TIJUANA, MEXICO (AFP) – A journalist was killed in Tijuana on Sunday, the local prosecutor said, the second media worker murdered in less than a week in the northern Mexican border city.
Lourdes Maldonado Lopez was “attacked with a firearm while she was in a vehicle”, said the Baja California state prosecutor’s office.
Mexico is one of the world’s deadliest countries for reporters.
Media rights watchdog Reporters Without Borders (RSF) regularly ranks it alongside Afghanistan and Yemen as the world’s most dangerous places for news media.
Maldonado had worked for several media outlets, including Primer Sistema de Noticias (PSN), which is owned by Jaime Bonilla Valdez, who was governor of Baja California from 2019 to the end of 2021.
She won a lawsuit a few days ago against PSN, which she had been suing for nine years over unfair dismissal, Mexican press reported.
Two years ago, Maldonado asked Mexican President Andres Manuel Lopez Obrador for “support, help and justice” as she feared for her life, according to a video republished on social media after news broke of her assassination.
“I have been on trial for six years with him,” she added about the governor, during one of Obrador’s press conferences.
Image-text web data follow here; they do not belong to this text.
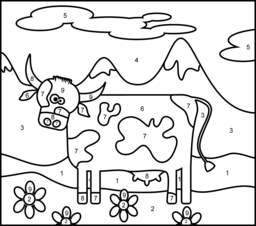 256x226 Animals Coloring Pages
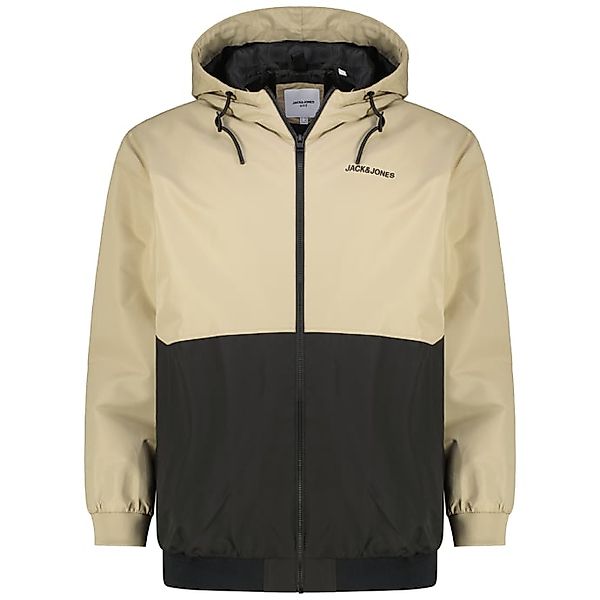 Jack & Jones PlusSize Bomberjacke JJERUSH HOOD BOMBER NOOS PLS mit Logo Sch günstig online kaufen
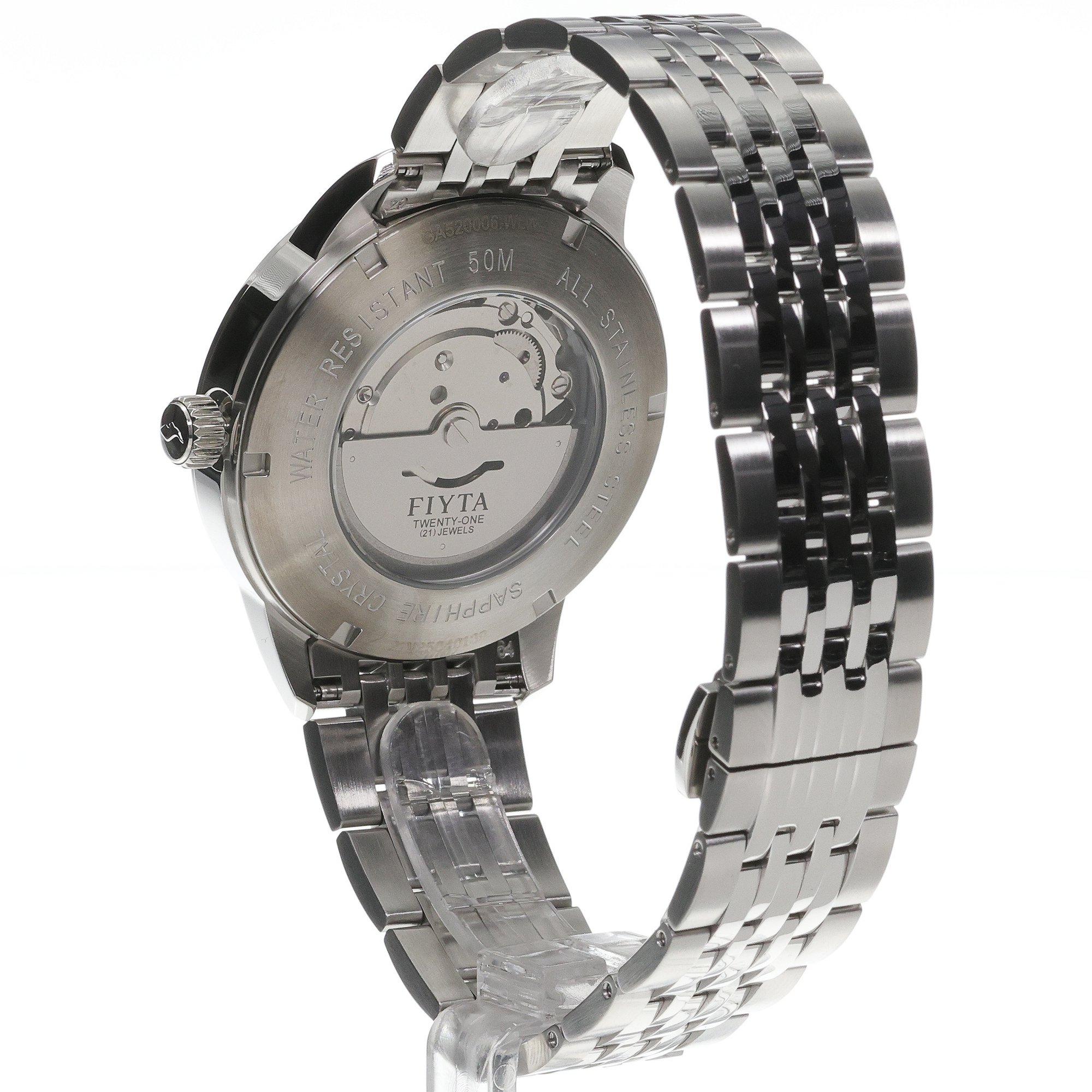zegarek Fiyta GA520006WLW automatyczny męski Męskie Tempting Automatic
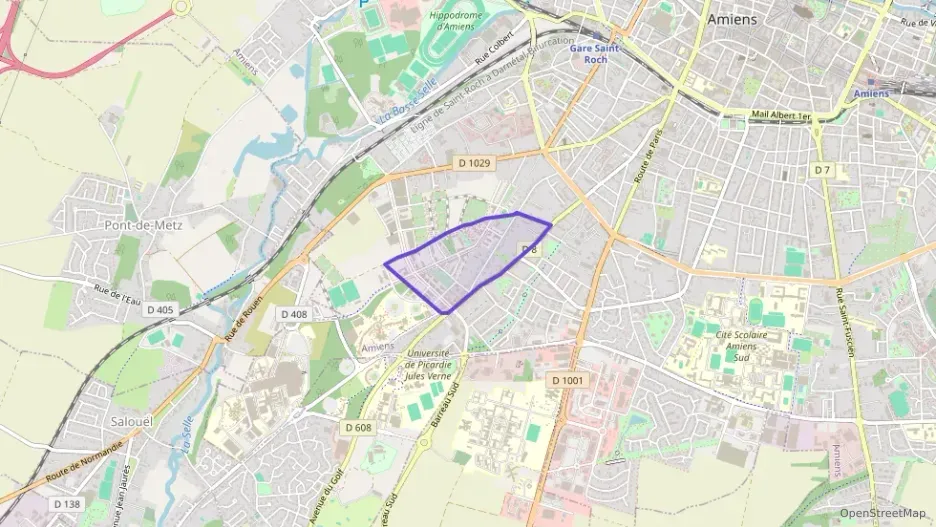 Appartement 30 m² une piece à vendre à Amiens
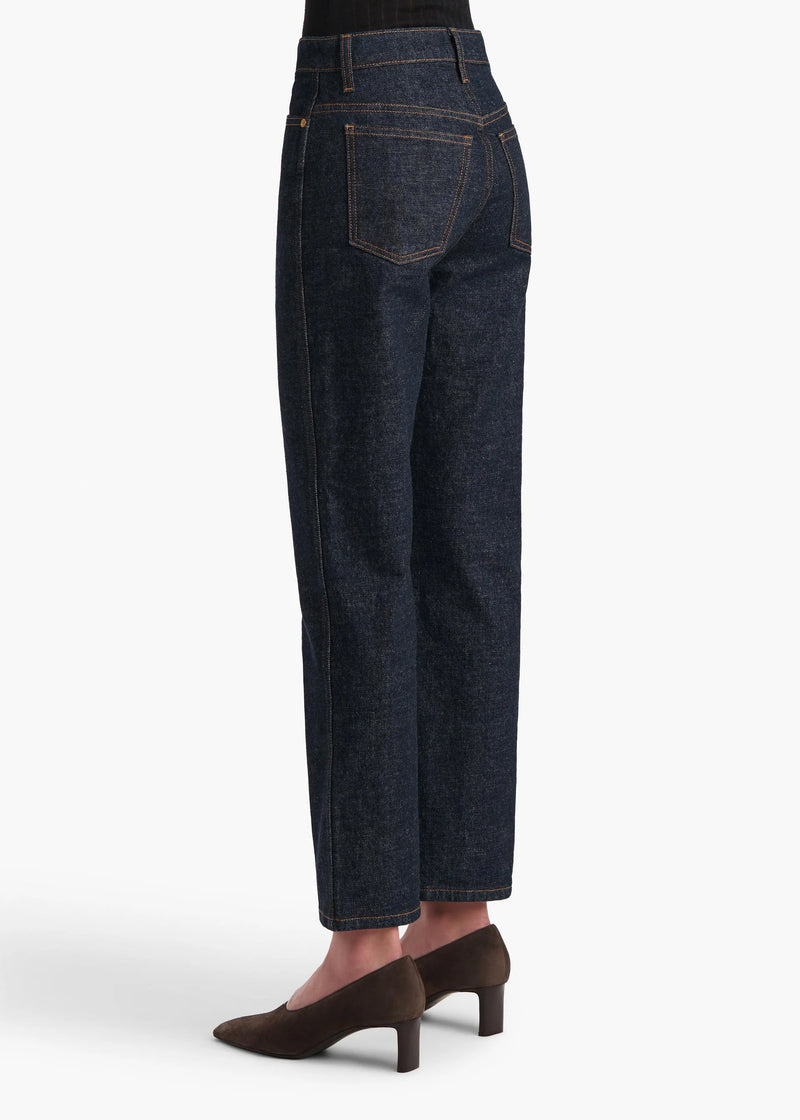 Abigail Stretch Straight Leg Jean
A Mexico representative of watchdog RSF Balbina Flores told AFP “it remains to be confirmed” whether Maldonado had official protection.
These crimes “send the message that journalists are killed and nothing happens because there is no one to stop them”, she said.
NGO the Committee to Protect Journalists called on local authorities to “thoroughly and transparently investigate the attack”.
Its representative in Mexico Jan-Albert Hootsen said he was “shocked and horrified by four brutal attacks on journalists in Mexico in barely two weeks”, including a non-fatal knife attack on a media worker in Merida, Yucatan state.
Photojournalist Margarito Martinez was found dead near his home in the city last Monday.
The 49-year-old, who specialised in news related to the police, had a gunshot wound to the head, according to prosecutors.